Tout sauf sa petite fille. Un merveilleux bébé de 21 mois qui est la seule à le faire sourire et à lui redonner de l’espoir. Mais cette fille qui ressemble tant à l’être aimé et disparu réveille aussi en lui la violence des souvenirs. Le narrateur veut partir. Mourrir. Laissez là le monde, dans sa laideur et dans les morts qui viennent chaque jour noircir les lignes des journaux et dont le veuf semble porter le poids. 

L’ensemble du livre se déroule en une seule et même journée et se compose en deux parties. L’une est une longue déclaration que ce père fait à sa fille. Le matin en se levant il voulait mourir. Il lui explique tous ces événements qui font qu’il ne supporte plus ce monde, malgré l’amour qu’il lui porte. 
En parallèle de ce discours intérieur, présenté en italique dans le livre, le narrateur se trouve face à une dame à qui il annonce la mort de sa fille, de 17 ans. Il analyse chaque de ses réactions qu’il connaît si bien, puisque c’est son quotidien depuis 10 ans, et attend, avec son imbuvable collègue, le bon moment pour lui demander l’autorisation de faire des prélèvements sur le corps de la défunte. Pourtant, cette fois-ci, rien ne se passera comme d’habitude. Dans les yeux de cette mère éplorée, c’est sa fille qui le regarde, le questionne, et remet en question ses projets de quitter une vie qui lui était devenue insupportable. 

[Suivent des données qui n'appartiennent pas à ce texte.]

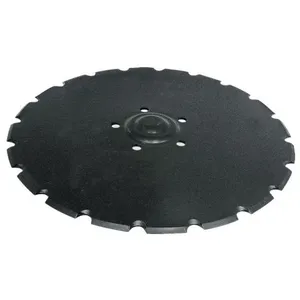 Seeder disc 20 teeth, hole circle-Ø 98 mm — 2
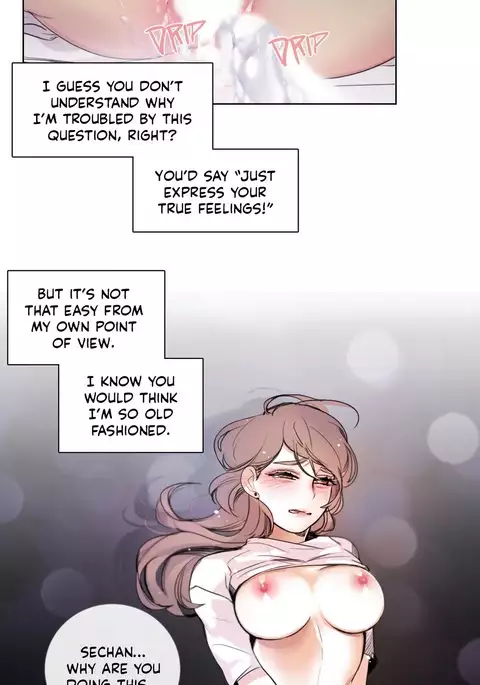 Talk To Me Ch.1-40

L’ensemble est, je trouve, très bien écrit. La lecture peut sembler au premier abord un peu compliquée car on va d’un sujet à un autre. L’auteur parle d’un sujet ancien, puis revient aux événements de la veille avant de repartir des semaines plus tôt… Mais c’est ce qui en fait un récit réaliste. Philippe Claudel a écrit avec la même volatilité que les pensées, qui passent d’un sujet à un autre sans même qu’on s’en rendent compte et puis, par magie, reviennent au sujet qui nous préoccupe principalement. 

Il dépeint une vision horrible de la société, mais l’adoucit dans les petits détails qui maintiennent le narrateur en vie : les petites jambes potelée de sa fille, ses sourires, ses nuits paisibles, ses « mon papa »… Dans la noirceur de ce roman se dessine aussi une belle histoire d’amour. 

Je suis heureuse d’avoir insisté, après le très gros coup de cœur pour La petite fille de Monsieur Linh, Le Paquet qui m’avait vraiment déçue. Voilà une nouvelle lecture de Claudel que je retiendrai positivement et qui me rassure pour les autres à venir ! 

 
— Le plus : un récit vraiment captivant, malgré la noirceur du thème. J’ai surtout apprécié la seconde partie du livre. Quand d’un écœurement total du monde (parfois assez difficile à lire à cause des clichés qui s’enchaînent), le narrateur laisse entrevoir des parcelles d’espoir. 

— Le moins : la seule chose qui m’ai déplu dans cette lecture c’est la tendance à aller trop loin dans les clichés. Le collègue de travail est une brute machiste, un pervers, un ignare. Le pire étant le personnage de la baby-sitter (vraiment insupportable !!).